Mesmo que a soma dos compromissos voluntários apresentados pelos países ainda esteja muito abaixo do necessário para evitar que a Terra aqueça mais de 2 graus. Para que o aquecimento fique abaixo desse nível, seria necessário mais do que dobrar os compromissos de redução e tornar obrigatórias essas metas que hoje são voluntárias. Portanto, ainda estamos longe do “Plano A”. E existe, sim, quem esteja pensando em planos B, C, D…
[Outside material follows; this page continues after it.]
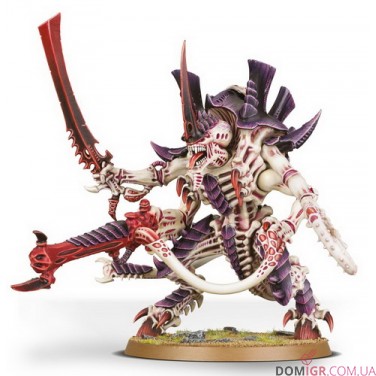 Hive Tyrant or Swarmlord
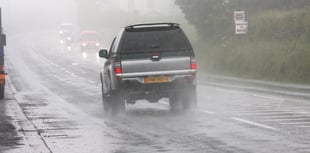 Latest Met Office data as September sees soaked start to autumn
A questão é que, mesmo se um difícil acordo avançar, quem garante que os países irão efetivamente cumpri-lo e implementá-lo? Quem irá monitorar os compromissos e, em caso de descumprimento, impor penas aos países? Afinal, alguém tem de pensar nessas coisas. E foi para pensar nisso que cientistas de 17 países ficaram uma semana reunidos no Lago Como, na Itália, num encontro sobre governança e geoengenharia climática, a convite da Fundação Rockefeller. “Precisamos pensar em alternativas se as reduções não forem implementadas”, diz o físico Paulo Artaxo, da USP, único cientista brasileiro nesse grupo. “Para impedir que os ecossistemas sejam destruídos, talvez sejamos obrigados a proteger o planeta de nós mesmos — da nossa própria espécie — de alguma maneira. A questão é: como controlar isso?”.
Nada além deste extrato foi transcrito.